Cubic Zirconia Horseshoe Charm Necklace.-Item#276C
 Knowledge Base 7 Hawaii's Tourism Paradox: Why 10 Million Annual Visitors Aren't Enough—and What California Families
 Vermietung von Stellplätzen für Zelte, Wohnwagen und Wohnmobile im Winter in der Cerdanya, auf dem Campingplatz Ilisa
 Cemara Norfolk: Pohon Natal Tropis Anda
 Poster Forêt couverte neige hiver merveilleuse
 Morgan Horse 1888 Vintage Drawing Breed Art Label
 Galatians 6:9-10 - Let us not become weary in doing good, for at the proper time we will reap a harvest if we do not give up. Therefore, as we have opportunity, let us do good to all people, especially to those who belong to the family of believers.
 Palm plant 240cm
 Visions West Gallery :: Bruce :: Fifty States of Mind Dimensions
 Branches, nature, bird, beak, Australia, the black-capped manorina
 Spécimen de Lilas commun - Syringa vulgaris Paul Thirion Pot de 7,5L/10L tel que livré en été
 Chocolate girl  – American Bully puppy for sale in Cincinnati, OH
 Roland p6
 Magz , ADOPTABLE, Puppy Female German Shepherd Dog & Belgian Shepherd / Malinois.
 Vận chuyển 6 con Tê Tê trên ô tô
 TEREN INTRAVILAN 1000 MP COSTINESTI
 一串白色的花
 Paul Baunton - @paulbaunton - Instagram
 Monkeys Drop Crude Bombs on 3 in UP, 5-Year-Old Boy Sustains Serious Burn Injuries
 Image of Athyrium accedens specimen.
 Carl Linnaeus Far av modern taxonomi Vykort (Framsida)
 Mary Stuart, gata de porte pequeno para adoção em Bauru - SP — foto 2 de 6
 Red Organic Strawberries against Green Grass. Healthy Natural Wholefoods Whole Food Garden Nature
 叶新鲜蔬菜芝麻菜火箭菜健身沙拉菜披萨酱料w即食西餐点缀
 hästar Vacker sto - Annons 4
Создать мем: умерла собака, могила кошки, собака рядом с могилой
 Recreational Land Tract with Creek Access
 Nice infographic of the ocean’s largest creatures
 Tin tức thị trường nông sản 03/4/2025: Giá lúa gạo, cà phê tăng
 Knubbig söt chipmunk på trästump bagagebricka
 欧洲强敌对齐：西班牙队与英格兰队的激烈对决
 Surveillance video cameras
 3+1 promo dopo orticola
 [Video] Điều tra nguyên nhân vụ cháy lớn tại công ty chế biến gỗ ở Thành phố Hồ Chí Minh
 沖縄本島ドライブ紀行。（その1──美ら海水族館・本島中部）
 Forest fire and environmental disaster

*-*-*

Show every line of the material that includes the string "Paul".

** Solution to the problem **
 Spécimen de Lilas commun - Syringa vulgaris Paul Thirion Pot de 7,5L/10L tel que livré en été
 Paul Baunton - @paulbaunton - Instagram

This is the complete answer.